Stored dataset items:
= Beginning of Section =

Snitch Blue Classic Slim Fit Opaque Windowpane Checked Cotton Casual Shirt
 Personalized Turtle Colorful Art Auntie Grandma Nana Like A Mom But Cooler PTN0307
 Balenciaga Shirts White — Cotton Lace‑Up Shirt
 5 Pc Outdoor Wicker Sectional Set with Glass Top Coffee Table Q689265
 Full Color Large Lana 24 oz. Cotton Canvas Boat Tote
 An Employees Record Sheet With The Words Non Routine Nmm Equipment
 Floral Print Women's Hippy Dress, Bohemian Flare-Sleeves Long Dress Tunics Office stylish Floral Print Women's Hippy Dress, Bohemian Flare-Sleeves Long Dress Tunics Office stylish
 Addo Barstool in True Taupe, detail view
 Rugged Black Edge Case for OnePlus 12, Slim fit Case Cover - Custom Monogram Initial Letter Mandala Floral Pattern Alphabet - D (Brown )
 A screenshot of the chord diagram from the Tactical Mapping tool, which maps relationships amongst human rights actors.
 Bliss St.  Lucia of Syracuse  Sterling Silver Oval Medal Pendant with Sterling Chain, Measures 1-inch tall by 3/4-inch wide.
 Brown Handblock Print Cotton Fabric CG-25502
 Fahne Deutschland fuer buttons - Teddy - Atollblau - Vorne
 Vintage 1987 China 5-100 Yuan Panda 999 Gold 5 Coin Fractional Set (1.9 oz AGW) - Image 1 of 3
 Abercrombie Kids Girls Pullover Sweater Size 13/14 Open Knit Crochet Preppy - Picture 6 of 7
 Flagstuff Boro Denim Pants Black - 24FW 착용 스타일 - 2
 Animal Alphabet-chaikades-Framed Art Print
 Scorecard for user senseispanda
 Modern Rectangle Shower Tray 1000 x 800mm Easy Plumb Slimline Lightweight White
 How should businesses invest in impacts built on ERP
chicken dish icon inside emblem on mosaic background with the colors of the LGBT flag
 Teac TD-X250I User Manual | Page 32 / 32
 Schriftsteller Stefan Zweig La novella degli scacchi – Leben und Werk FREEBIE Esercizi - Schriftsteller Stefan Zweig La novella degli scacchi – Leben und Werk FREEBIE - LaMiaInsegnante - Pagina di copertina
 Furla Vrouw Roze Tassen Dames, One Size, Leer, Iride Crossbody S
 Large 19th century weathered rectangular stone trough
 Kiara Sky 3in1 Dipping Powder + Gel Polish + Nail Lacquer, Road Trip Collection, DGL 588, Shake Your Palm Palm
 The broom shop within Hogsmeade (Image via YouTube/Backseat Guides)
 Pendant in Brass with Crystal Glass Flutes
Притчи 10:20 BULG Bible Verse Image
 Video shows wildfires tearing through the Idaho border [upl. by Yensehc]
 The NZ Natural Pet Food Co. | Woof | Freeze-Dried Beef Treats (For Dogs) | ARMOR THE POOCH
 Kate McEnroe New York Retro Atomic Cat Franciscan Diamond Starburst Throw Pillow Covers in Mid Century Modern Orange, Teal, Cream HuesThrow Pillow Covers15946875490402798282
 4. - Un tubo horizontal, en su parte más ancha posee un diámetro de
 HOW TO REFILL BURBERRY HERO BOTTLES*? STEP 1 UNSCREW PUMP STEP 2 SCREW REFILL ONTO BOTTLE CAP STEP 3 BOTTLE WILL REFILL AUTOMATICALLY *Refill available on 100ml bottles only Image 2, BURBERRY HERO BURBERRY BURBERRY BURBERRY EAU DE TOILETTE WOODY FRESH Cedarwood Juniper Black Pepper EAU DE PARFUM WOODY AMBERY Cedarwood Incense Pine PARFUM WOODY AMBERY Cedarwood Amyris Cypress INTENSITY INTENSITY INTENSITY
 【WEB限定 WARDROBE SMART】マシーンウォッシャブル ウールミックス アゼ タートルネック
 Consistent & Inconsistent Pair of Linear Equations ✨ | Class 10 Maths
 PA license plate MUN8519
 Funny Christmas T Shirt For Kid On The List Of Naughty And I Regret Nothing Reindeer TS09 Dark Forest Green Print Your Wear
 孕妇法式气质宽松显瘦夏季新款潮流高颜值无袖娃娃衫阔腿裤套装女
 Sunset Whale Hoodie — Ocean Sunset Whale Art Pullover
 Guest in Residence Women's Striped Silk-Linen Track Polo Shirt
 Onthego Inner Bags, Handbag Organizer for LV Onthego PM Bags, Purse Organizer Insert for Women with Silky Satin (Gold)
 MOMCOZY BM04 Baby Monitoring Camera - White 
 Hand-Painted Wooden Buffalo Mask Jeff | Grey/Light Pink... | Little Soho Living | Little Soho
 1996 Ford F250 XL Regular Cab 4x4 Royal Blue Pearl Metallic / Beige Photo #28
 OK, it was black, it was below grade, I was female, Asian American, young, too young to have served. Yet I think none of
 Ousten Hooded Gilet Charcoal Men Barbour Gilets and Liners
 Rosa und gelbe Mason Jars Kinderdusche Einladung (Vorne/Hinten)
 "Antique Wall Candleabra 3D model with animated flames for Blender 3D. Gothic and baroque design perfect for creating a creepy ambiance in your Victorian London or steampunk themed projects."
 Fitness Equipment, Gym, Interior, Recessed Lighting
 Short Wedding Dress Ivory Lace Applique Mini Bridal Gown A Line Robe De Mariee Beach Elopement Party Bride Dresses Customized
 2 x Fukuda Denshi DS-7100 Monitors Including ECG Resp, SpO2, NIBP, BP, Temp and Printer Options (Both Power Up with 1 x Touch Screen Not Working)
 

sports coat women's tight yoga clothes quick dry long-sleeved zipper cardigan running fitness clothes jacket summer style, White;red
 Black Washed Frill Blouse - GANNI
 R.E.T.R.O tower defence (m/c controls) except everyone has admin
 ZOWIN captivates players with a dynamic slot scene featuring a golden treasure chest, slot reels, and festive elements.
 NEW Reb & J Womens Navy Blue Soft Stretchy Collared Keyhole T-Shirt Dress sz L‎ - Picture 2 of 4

= End of Section =

Your reply should consist of the records, copied exactly.

### Result of the task
Snitch Blue Classic Slim Fit Opaque Windowpane Checked Cotton Casual Shirt
 Personalized Turtle Colorful Art Auntie Grandma Nana Like A Mom But Cooler PTN0307
 Balenciaga Shirts White — Cotton Lace‑Up Shirt
 5 Pc Outdoor Wicker Sectional Set with Glass Top Coffee Table Q689265
 Full Color Large Lana 24 oz. Cotton Canvas Boat Tote
 An Employees Record Sheet With The Words Non Routine Nmm Equipment
 Floral Print Women's Hippy Dress, Bohemian Flare-Sleeves Long Dress Tunics Office stylish Floral Print Women's Hippy Dress, Bohemian Flare-Sleeves Long Dress Tunics Office stylish
 Addo Barstool in True Taupe, detail view
 Rugged Black Edge Case for OnePlus 12, Slim fit Case Cover - Custom Monogram Initial Letter Mandala Floral Pattern Alphabet - D (Brown )
 A screenshot of the chord diagram from the Tactical Mapping tool, which maps relationships amongst human rights actors.
 Bliss St.  Lucia of Syracuse  Sterling Silver Oval Medal Pendant with Sterling Chain, Measures 1-inch tall by 3/4-inch wide.
 Brown Handblock Print Cotton Fabric CG-25502
 Fahne Deutschland fuer buttons - Teddy - Atollblau - Vorne
 Vintage 1987 China 5-100 Yuan Panda 999 Gold 5 Coin Fractional Set (1.9 oz AGW) - Image 1 of 3
 Abercrombie Kids Girls Pullover Sweater Size 13/14 Open Knit Crochet Preppy - Picture 6 of 7
 Flagstuff Boro Denim Pants Black - 24FW 착용 스타일 - 2
 Animal Alphabet-chaikades-Framed Art Print
 Scorecard for user senseispanda
 Modern Rectangle Shower Tray 1000 x 800mm Easy Plumb Slimline Lightweight White
 How should businesses invest in impacts built on ERP
chicken dish icon inside emblem on mosaic background with the colors of the LGBT flag
 Teac TD-X250I User Manual | Page 32 / 32
 Schriftsteller Stefan Zweig La novella degli scacchi – Leben und Werk FREEBIE Esercizi - Schriftsteller Stefan Zweig La novella degli scacchi – Leben und Werk FREEBIE - LaMiaInsegnante - Pagina di copertina
 Furla Vrouw Roze Tassen Dames, One Size, Leer, Iride Crossbody S
 Large 19th century weathered rectangular stone trough
 Kiara Sky 3in1 Dipping Powder + Gel Polish + Nail Lacquer, Road Trip Collection, DGL 588, Shake Your Palm Palm
 The broom shop within Hogsmeade (Image via YouTube/Backseat Guides)
 Pendant in Brass with Crystal Glass Flutes
Притчи 10:20 BULG Bible Verse Image
 Video shows wildfires tearing through the Idaho border [upl. by Yensehc]
 The NZ Natural Pet Food Co. | Woof | Freeze-Dried Beef Treats (For Dogs) | ARMOR THE POOCH
 Kate McEnroe New York Retro Atomic Cat Franciscan Diamond Starburst Throw Pillow Covers in Mid Century Modern Orange, Teal, Cream HuesThrow Pillow Covers15946875490402798282
 4. - Un tubo horizontal, en su parte más ancha posee un diámetro de
 HOW TO REFILL BURBERRY HERO BOTTLES*? STEP 1 UNSCREW PUMP STEP 2 SCREW REFILL ONTO BOTTLE CAP STEP 3 BOTTLE WILL REFILL AUTOMATICALLY *Refill available on 100ml bottles only Image 2, BURBERRY HERO BURBERRY BURBERRY BURBERRY EAU DE TOILETTE WOODY FRESH Cedarwood Juniper Black Pepper EAU DE PARFUM WOODY AMBERY Cedarwood Incense Pine PARFUM WOODY AMBERY Cedarwood Amyris Cypress INTENSITY INTENSITY INTENSITY
 【WEB限定 WARDROBE SMART】マシーンウォッシャブル ウールミックス アゼ タートルネック
 Consistent & Inconsistent Pair of Linear Equations ✨ | Class 10 Maths
 PA license plate MUN8519
 Funny Christmas T Shirt For Kid On The List Of Naughty And I Regret Nothing Reindeer TS09 Dark Forest Green Print Your Wear
 孕妇法式气质宽松显瘦夏季新款潮流高颜值无袖娃娃衫阔腿裤套装女
 Sunset Whale Hoodie — Ocean Sunset Whale Art Pullover
 Guest in Residence Women's Striped Silk-Linen Track Polo Shirt
 Onthego Inner Bags, Handbag Organizer for LV Onthego PM Bags, Purse Organizer Insert for Women with Silky Satin (Gold)
 MOMCOZY BM04 Baby Monitoring Camera - White 
 Hand-Painted Wooden Buffalo Mask Jeff | Grey/Light Pink... | Little Soho Living | Little Soho
 1996 Ford F250 XL Regular Cab 4x4 Royal Blue Pearl Metallic / Beige Photo #28
 OK, it was black, it was below grade, I was female, Asian American, young, too young to have served. Yet I think none of
 Ousten Hooded Gilet Charcoal Men Barbour Gilets and Liners
 Rosa und gelbe Mason Jars Kinderdusche Einladung (Vorne/Hinten)
 "Antique Wall Candleabra 3D model with animated flames for Blender 3D. Gothic and baroque design perfect for creating a creepy ambiance in your Victorian London or steampunk themed projects."
 Fitness Equipment, Gym, Interior, Recessed Lighting
 Short Wedding Dress Ivory Lace Applique Mini Bridal Gown A Line Robe De Mariee Beach Elopement Party Bride Dresses Customized
 2 x Fukuda Denshi DS-7100 Monitors Including ECG Resp, SpO2, NIBP, BP, Temp and Printer Options (Both Power Up with 1 x Touch Screen Not Working)
 

sports coat women's tight yoga clothes quick dry long-sleeved zipper cardigan running fitness clothes jacket summer style, White;red
 Black Washed Frill Blouse - GANNI
 R.E.T.R.O tower defence (m/c controls) except everyone has admin
 ZOWIN captivates players with a dynamic slot scene featuring a golden treasure chest, slot reels, and festive elements.
 NEW Reb & J Womens Navy Blue Soft Stretchy Collared Keyhole T-Shirt Dress sz L‎ - Picture 2 of 4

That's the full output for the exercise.